* [Work order]: For each line of the data below that holds "Thumbnail", copy the line.

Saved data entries
Start of Block

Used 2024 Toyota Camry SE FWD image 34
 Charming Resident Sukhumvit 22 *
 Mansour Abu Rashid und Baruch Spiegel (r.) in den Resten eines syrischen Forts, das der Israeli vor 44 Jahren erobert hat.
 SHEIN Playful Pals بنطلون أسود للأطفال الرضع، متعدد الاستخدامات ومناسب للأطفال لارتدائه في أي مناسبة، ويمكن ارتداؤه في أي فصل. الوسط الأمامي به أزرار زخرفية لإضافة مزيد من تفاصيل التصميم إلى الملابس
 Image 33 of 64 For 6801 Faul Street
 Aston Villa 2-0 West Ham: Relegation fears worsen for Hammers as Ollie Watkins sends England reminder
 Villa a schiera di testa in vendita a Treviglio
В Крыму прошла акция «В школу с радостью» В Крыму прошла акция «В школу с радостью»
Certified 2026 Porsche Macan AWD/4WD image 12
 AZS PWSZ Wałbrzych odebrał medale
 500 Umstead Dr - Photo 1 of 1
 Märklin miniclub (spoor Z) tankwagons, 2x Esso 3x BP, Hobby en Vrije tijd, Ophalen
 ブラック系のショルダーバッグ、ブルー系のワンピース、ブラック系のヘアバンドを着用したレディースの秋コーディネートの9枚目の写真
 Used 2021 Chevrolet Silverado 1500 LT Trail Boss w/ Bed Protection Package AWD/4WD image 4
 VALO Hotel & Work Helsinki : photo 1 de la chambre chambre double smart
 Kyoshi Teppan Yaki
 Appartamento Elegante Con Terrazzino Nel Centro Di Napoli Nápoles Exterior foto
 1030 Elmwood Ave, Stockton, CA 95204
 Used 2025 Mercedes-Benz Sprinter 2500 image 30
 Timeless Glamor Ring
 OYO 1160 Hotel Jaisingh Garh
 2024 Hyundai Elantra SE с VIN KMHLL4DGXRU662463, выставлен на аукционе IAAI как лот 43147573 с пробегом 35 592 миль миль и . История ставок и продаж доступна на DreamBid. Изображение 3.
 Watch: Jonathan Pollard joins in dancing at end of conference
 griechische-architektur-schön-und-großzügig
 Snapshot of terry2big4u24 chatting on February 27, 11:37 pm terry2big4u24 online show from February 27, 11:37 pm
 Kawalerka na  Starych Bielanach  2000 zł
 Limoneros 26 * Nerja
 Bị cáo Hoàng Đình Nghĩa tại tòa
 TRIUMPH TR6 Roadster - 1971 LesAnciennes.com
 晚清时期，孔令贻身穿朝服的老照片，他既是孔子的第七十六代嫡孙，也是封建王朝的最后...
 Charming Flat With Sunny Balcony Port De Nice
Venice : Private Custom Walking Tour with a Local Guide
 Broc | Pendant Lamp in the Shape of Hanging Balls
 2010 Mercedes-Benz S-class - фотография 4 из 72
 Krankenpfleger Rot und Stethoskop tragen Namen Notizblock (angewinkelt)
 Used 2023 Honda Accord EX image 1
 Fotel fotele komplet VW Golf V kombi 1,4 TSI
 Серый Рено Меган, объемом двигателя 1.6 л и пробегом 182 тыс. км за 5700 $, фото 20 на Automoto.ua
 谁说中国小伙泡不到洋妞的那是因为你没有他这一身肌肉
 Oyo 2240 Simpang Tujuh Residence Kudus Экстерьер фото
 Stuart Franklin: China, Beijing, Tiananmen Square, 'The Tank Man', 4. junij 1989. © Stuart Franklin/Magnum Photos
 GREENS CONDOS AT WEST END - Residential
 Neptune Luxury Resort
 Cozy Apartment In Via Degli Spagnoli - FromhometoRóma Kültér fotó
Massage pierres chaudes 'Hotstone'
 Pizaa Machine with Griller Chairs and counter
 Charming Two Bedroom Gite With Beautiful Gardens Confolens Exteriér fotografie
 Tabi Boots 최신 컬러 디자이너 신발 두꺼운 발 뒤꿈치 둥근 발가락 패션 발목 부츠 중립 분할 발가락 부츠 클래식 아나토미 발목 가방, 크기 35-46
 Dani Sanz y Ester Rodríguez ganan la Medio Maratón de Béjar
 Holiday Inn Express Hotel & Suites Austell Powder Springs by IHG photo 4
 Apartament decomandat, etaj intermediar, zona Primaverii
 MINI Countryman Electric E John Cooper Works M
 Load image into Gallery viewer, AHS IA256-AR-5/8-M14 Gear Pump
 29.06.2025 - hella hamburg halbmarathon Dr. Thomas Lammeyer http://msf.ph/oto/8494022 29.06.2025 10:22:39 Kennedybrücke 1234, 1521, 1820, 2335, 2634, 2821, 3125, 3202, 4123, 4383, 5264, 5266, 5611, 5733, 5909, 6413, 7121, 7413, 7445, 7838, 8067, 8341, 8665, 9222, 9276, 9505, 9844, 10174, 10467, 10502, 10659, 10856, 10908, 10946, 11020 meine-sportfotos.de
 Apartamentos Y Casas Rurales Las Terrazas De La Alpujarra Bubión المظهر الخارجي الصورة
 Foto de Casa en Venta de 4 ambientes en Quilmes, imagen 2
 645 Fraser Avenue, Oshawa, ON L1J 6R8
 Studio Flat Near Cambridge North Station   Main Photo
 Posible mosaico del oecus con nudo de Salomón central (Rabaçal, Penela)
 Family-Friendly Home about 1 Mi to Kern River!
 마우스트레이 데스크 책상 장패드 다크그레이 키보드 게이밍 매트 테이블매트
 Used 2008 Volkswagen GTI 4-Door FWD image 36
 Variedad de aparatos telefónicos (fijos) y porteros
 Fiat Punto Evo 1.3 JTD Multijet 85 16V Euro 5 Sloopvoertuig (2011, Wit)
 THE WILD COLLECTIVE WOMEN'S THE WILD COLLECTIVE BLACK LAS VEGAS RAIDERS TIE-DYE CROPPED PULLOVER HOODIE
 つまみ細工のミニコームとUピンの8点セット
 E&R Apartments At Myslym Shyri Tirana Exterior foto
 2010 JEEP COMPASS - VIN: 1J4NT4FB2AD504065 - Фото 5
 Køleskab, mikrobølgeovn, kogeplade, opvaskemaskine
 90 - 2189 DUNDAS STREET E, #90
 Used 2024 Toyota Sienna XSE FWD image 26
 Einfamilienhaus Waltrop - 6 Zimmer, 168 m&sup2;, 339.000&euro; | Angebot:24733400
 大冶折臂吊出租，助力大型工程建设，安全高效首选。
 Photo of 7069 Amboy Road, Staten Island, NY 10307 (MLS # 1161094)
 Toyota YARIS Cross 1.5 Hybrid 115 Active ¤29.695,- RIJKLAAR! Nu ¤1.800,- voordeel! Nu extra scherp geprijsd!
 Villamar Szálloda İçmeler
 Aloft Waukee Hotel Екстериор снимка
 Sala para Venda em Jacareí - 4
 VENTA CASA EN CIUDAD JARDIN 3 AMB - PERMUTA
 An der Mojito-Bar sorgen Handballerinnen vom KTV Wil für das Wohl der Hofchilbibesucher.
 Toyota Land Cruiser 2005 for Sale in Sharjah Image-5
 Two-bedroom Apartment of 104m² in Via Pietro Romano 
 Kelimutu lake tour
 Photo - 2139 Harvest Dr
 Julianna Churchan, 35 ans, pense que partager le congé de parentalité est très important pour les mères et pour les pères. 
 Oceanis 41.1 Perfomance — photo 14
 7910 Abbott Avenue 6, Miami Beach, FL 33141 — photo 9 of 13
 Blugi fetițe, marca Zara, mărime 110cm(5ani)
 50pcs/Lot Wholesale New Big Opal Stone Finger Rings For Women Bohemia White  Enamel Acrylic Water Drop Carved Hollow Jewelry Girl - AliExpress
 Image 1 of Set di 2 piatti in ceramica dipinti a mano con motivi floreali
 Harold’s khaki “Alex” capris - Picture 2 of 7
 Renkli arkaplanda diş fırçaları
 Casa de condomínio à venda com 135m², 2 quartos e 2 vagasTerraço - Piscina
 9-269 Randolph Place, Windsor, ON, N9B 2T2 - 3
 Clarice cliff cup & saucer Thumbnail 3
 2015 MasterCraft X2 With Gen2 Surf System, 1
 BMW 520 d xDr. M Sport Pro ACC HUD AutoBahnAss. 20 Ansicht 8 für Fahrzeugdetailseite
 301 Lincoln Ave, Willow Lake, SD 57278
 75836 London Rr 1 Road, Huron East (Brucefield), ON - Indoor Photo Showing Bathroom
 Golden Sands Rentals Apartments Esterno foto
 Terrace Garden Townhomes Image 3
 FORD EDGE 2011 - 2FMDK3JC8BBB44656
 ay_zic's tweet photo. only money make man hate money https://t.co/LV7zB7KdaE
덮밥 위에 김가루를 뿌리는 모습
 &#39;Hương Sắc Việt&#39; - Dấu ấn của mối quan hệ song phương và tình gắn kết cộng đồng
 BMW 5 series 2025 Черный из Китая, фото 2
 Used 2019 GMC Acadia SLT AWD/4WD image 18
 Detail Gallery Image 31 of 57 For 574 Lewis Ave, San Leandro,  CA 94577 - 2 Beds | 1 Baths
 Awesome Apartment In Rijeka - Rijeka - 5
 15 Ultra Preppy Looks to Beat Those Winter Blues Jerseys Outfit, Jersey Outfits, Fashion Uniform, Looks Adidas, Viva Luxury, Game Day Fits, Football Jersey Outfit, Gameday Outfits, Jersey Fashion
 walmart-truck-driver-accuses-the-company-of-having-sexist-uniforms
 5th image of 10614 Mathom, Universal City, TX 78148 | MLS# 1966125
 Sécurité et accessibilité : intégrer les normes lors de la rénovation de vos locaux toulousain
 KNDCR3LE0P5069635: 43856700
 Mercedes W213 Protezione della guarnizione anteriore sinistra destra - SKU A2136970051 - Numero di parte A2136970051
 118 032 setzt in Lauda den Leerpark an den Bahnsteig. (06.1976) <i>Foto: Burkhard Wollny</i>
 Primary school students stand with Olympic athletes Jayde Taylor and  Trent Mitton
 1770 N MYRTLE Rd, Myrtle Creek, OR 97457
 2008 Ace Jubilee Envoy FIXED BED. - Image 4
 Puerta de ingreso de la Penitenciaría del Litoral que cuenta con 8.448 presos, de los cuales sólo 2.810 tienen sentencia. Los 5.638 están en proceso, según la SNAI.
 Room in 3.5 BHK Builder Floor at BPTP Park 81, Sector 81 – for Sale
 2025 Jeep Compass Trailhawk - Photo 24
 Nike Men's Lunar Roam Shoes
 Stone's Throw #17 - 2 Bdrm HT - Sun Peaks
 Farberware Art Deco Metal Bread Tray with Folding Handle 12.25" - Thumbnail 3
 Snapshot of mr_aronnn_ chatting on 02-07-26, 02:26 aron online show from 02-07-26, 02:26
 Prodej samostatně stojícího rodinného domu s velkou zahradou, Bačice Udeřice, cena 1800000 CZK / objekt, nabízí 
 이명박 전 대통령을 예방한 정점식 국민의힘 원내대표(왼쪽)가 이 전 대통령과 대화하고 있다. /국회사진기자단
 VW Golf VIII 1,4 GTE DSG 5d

End of Block

* [Solution]:
 Clarice cliff cup & saucer Thumbnail 3
 Farberware Art Deco Metal Bread Tray with Folding Handle 12.25" - Thumbnail 3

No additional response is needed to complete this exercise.